Centrally organized and officially sanctioned doping has been integral to professional cycling for too long. Good legs alone are apparently not enough to climb roads that rise almost vertically towards the barren peaks of the high Alps or Pyrenees. Or at least not enough to be the first getting up there. And while the first sentence was an exaggeration, doping has not been fought seriously by those that make the rules. Basso found a new team, ditto Hamilton. The officials indulge in harsh words and no actions.
Ullrich, Basso, Landis, Armstrong – who thinks these guys were clean? Who thinks asthma is a good indicator for a future cycling champion? I don't, and yet many cyclists carry prescriptions for asthma, legally take drugs that increase breathing efficiency and do I don't know what else. Steroids are often part of the mix.

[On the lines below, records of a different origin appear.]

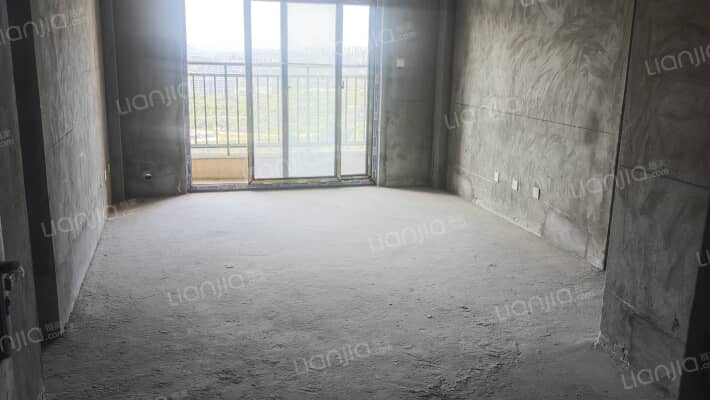 北京城建熙城二手房实景图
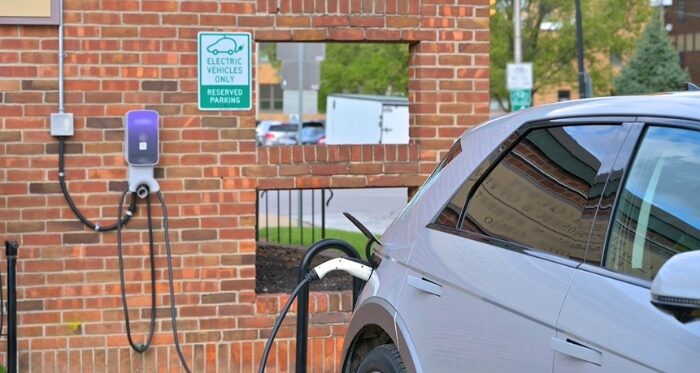 The Future of Level 2 Chargers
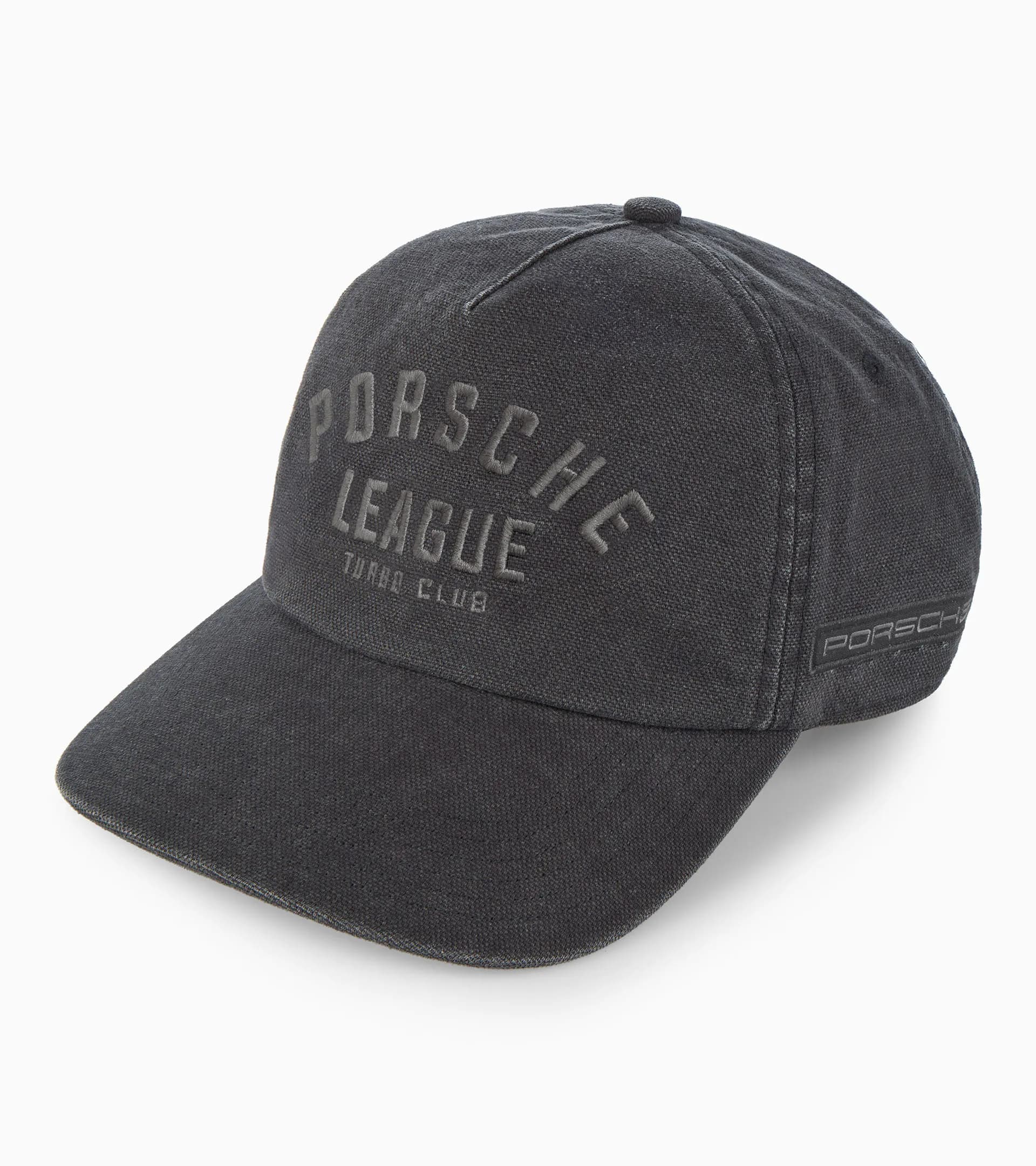 Lifestyle cap – Porsche League 1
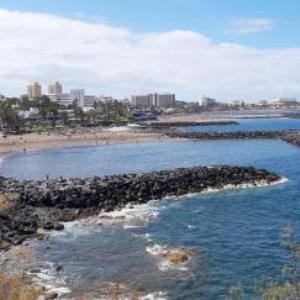 TERRAZA LAS FLORES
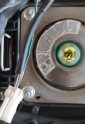 Oto Çıkma Parça / Nissan / Qashqai / Airbag / Sürücü Airbag / Çıkma Parça 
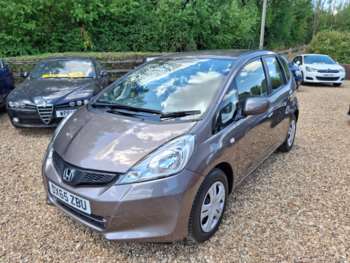 Used Honda Jazz 2015 for sale - 75216410: Photo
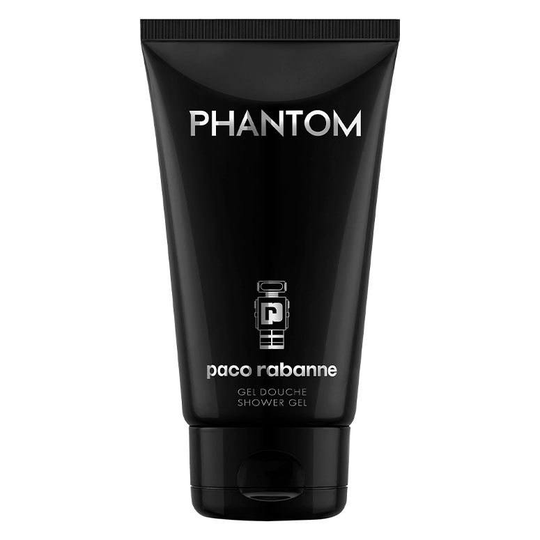 Paco Rabanne Phantom Shower Gel 150 ml
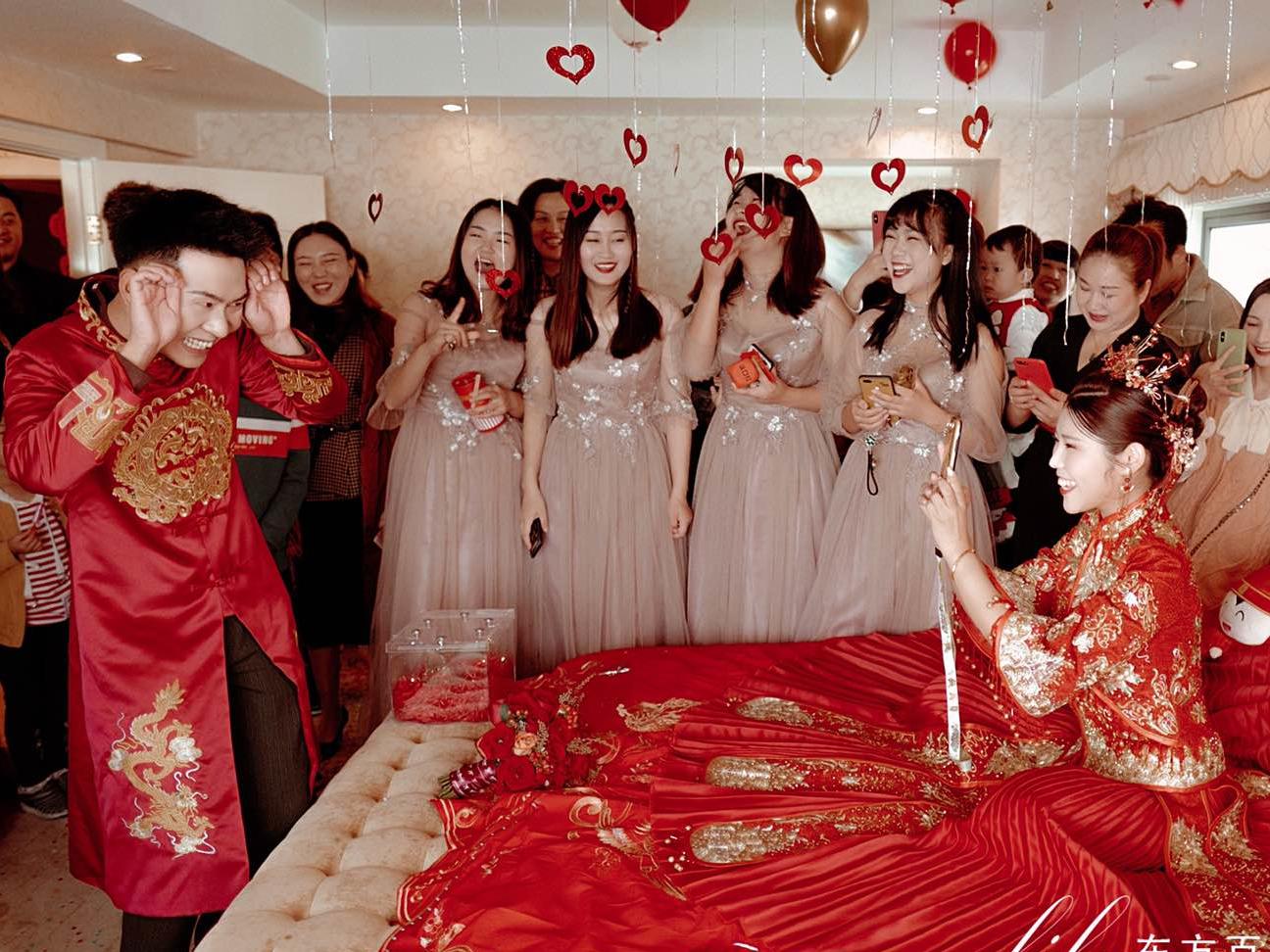 半程跟妆愿所有的美好   都能如期而至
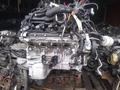 Двигатель VK56 5.6, VQ40 4.0 раздатка АКПП автоматүшін950 000 тг. в Алматы – фото 33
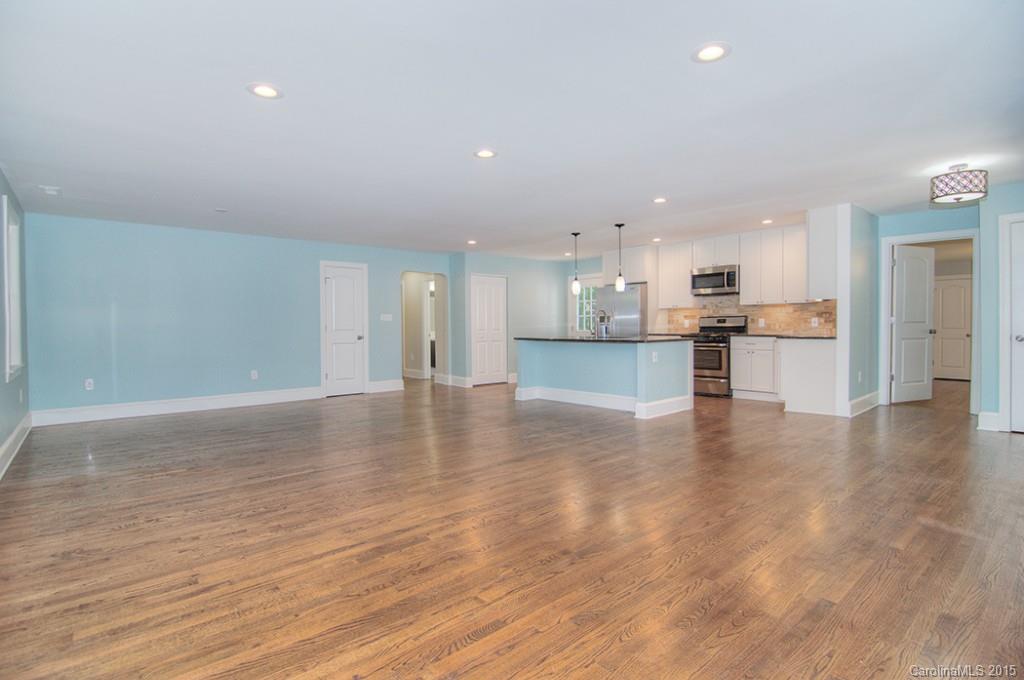 Collins Park - Residential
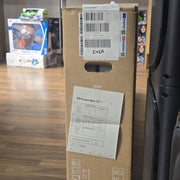 LG StanbyME 2 27LX6TDGA 27" QHD Portable Touchscreen Stand White Grade A 242A6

While the aforementioned cyclists, all champions one way or another, keep a wall of silence between what they might know and what the public would like to know, this wall, seemingly impenetrable so far, is beginning to crumble. Today, Christian Henn, a former Team Telekom cyclist and German national champion in 1996, admitted to systematic doping during his professional career. Less than a day earlier, Bert Dietz who used to race for the same team, admitted to the same misdeeds.
I'm reading these news with hope and the expectation that more athletes come clean – literally. Once this happens and the officials own up to the dark past, the future will be brighter. I might be naïf, but I believe in legs and will to conquer mountains, and I want to enjoy professional cycling again after the time-out I'm taking this season.